Ain't there gonna be no chitlins, woman?

MRS:

I was keeping them for a surprise.

MATT:

Chitlins or no chitlins, I'd be proud to come, Mrs. Monger.

CHESTER:

And me, too.

MATT:

We'll leave you to your dinner, now. And we'll see you Twelfth Night.

MUSIC:

CURTAIN

THIRD COMMERCIAL

WALSH:

And now, our star, William Conrad...

CONRAD:

Friends, at this time I'd like to join with Liggett and Myers - the makers of Chesterfield and L & M Filters - their over 6000 wholesale distributors - and the 1,300,000 retail cigarette dealers -- and wish all of you a very merry Christmas.

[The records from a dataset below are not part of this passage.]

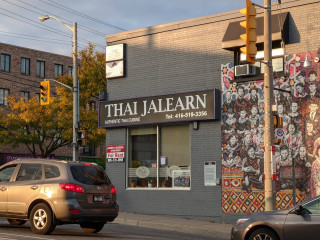 Thai Jalearn Dundas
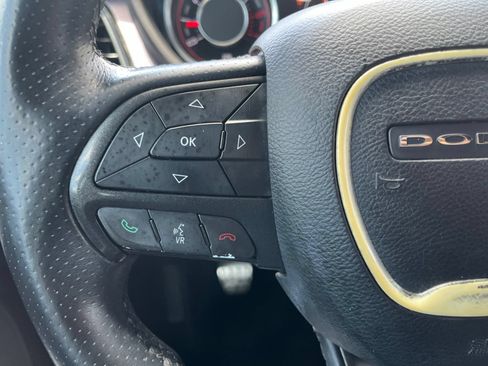 Used 2015 Dodge Challenger R/T RWD image 20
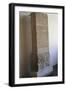 Perugia Stone-Etruscan-Framed Photographic Print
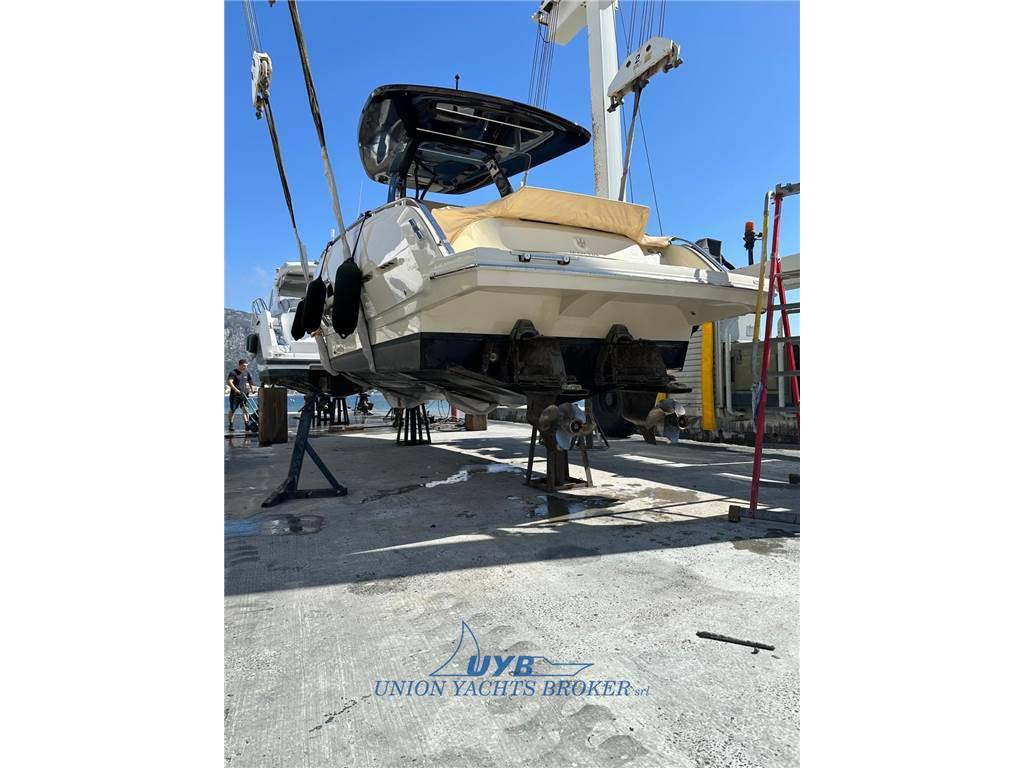 Invictus 320 gt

On the frontier violent death might come to a man in a number of ways - and life around him served as a daily reminder. Gunfighting in the street - stampeding cattle - marauding Indians - hunger - thirst. There were lots of ways to die - and most of them hard. But the Westerner wasn't bothered by that. The important thing was, when his time came, that-- Well, that he die standing up - and in fine style. And, that was the West. Goodnight.

MUSIC:

THEME

WALSH:

"GUNSMOKE" produced and directed by Norman Macdonnell and stars William Conrad as Matt Dillon, U.S. Marshal. Our story was specially written for "GUNSMOKE" by John Meston with music composed and conducted by Rex Koury. Sound patterns by Tom Hanley and Bill James. Featured in the cast were: John Dehner, Helen Kleeb and Vic Perrin. Parley Baer is Chester, Howard McNear is Doc, and Georgia Ellis is Kitty.

MUSIC:

UP AND FADE UNDER

WALSH:

Most accidents aren't really accidental at all. Only you can cause an accident. That's right, it's up to you to read and heed the safety signs, to keep your eyes on the road to watch out for those curves ahead and the cars driving along near you. Most drivers know how to operate a car, they know the traffic rules, they know that speeding, taking chances, failing to keep to the right of the line..are dangerous hazards. Accidents happen because drivers do these things despite what they know. So while you are driving, remember that you and only you are responsible for your life and the lives of those driving with you. Drive carefully.

MUSIC:

THEME UP AND OUT

L & M HITCHHIKE:

MUSIC:

VAMP

JINGLE SOLO:

MAKE TODAY YOUR BIG RED LETTER DAY
YOUR L & M RED LETTER DAY
SUPERIOR TASTE AND FILTER
IT'S THE MIRACLE TIP
MAKE TODAY YOUR BIG RED LETTER DAY
CHANGE TO L & M TODAY!

DUET:

L & M'S GOT EVERYTHING

GAL:

SUPERIOR TASTE...

GUY:

AND SUPERIOR FILTER...

DUET:

GET L & M TODAY!

MORROW:

This is it! L & M - Superior taste and filter! L & M - America's best filter tip cigarette.

MUSIC:

THEME

WALSH:

Join us again next week for another specially transcribed story as Matt Dillon, U.S. Marshal, fights to bring law and order out of the wild violence of the West in GUNSMOKE!

MUSIC:

THEME

ANNCR:

(LIVE SYSTEM CUE) This is the CBS RADIO NETWORK.